(608e) Collateral Fitness Effects of Mutations

Mutations act as a driving force of evolution by providing the genetic variation upon which selective pressures act. A mutation to a protein can result in positive, negative, or neutral effects on fitness, with fitness being defined as a measure of an organism’s ability to survive and reproduce. Fitness effects can derive from the altered ability of a protein to fulfill it physiological function, which we refer to as primary fitness effects. Surprisingly, a protein’s functional significance plays only a minor role in determining protein evolutionary rates. Here, we reveal the importance of collateral fitness effects of mutations, which we define as effects that do not result from changes to the protein’s ability to perform its physiological function. We constructed a library of all single-codon missense mutations in the Escherichia coli TEM-1 antibiotic resistance gene. We used deep mutational scanning to comprehensively measure the collateral fitness effects of these mutations during growth competition experiments in the absence of antibiotic. We found that over 42% of all missense mutations were deleterious to growth rate in the absence of antibiotic.
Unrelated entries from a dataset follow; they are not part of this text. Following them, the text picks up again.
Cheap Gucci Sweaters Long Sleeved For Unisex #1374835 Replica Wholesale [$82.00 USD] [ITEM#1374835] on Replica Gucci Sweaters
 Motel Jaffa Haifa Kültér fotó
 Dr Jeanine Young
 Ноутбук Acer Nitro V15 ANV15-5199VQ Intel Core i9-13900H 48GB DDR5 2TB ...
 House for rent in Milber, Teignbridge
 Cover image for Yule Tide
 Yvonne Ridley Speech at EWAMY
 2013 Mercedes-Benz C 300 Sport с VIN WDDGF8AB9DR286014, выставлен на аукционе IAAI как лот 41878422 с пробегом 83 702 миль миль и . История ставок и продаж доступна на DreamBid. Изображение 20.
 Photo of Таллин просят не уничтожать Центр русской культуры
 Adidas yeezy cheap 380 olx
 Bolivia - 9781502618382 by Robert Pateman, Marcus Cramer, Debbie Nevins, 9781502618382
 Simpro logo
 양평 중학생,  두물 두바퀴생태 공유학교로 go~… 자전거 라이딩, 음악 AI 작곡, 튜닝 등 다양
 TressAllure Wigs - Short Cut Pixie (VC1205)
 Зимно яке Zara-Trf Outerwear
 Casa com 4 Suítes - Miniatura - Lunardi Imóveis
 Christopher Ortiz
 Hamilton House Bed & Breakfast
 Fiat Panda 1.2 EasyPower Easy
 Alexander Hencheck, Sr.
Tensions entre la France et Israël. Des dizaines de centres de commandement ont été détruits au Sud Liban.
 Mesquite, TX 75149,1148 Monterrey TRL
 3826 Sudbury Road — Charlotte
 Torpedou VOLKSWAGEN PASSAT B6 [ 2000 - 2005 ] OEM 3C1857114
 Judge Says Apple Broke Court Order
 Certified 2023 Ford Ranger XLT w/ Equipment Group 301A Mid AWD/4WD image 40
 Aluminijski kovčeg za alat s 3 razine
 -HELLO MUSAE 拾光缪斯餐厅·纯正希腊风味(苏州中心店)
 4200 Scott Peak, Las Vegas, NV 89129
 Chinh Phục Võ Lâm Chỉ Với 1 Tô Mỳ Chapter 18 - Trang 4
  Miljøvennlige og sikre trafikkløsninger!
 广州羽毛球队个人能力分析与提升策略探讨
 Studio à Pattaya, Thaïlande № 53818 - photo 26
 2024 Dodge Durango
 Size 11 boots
Deleterious mutations caused improper post-translational processing, incorrect disulfide-bond formation, protein aggregation and changes in gene expression. Collateral fitness effects have implications for directed evolution, as variants with improved specific activity but deleterious collateral fitness effects may be lost during selection. High-throughput in vivo screening experiments that seek to quantify the effects of mutations on protein function might be misled by not considering the impact of collateral fitness effects. By identifying the frequency, magnitude, and mechanisms of collateral fitness effects, we can understand their role in genetic selection and the shaping of protein evolutionary pathways.